== What you should do ==
In the records below, find the line holding "To bronze up" and the line holding "For additional questions". Set down both, with every line between them, exactly.

_ _ _ _

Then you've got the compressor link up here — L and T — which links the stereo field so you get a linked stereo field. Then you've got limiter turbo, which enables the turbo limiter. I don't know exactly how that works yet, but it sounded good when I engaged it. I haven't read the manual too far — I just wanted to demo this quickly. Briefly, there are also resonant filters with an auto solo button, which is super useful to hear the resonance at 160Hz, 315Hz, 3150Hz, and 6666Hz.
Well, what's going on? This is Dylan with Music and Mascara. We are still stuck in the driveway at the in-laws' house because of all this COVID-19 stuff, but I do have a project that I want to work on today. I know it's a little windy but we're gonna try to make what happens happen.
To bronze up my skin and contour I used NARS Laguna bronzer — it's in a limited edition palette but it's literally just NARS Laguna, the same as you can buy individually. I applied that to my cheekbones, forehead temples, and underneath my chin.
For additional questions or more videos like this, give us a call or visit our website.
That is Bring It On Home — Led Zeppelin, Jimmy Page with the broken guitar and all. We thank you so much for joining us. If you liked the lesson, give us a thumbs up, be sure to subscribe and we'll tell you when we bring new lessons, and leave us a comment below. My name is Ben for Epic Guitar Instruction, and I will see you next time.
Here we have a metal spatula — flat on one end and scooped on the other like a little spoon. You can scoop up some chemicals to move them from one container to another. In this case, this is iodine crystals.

_ _ _ _

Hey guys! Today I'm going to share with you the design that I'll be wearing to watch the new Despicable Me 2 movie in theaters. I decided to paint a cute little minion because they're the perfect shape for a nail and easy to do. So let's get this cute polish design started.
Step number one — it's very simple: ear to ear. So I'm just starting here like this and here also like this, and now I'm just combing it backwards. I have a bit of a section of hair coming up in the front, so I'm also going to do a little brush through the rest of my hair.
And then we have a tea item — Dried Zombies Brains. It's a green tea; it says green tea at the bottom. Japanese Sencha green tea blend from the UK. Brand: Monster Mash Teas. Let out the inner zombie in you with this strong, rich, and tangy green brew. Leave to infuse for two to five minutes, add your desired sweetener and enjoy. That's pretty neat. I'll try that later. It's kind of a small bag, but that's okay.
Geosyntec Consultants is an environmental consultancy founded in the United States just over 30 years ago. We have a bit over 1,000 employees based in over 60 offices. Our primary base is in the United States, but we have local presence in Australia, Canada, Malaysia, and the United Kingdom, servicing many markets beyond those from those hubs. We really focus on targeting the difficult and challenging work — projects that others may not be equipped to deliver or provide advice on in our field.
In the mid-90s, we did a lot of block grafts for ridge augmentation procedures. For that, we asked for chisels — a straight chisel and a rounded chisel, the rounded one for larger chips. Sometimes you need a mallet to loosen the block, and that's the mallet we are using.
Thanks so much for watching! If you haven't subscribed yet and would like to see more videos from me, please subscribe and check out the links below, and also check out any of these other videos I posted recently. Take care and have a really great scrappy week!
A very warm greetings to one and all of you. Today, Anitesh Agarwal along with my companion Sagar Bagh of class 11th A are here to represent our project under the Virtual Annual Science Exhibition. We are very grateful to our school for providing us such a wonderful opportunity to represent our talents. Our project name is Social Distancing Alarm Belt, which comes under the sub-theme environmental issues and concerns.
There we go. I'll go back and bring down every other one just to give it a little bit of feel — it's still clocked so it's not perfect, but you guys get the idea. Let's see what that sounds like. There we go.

_ _ _ _

== Result ==
To bronze up my skin and contour I used NARS Laguna bronzer — it's in a limited edition palette but it's literally just NARS Laguna, the same as you can buy individually. I applied that to my cheekbones, forehead temples, and underneath my chin.
For additional questions or more videos like this, give us a call or visit our website.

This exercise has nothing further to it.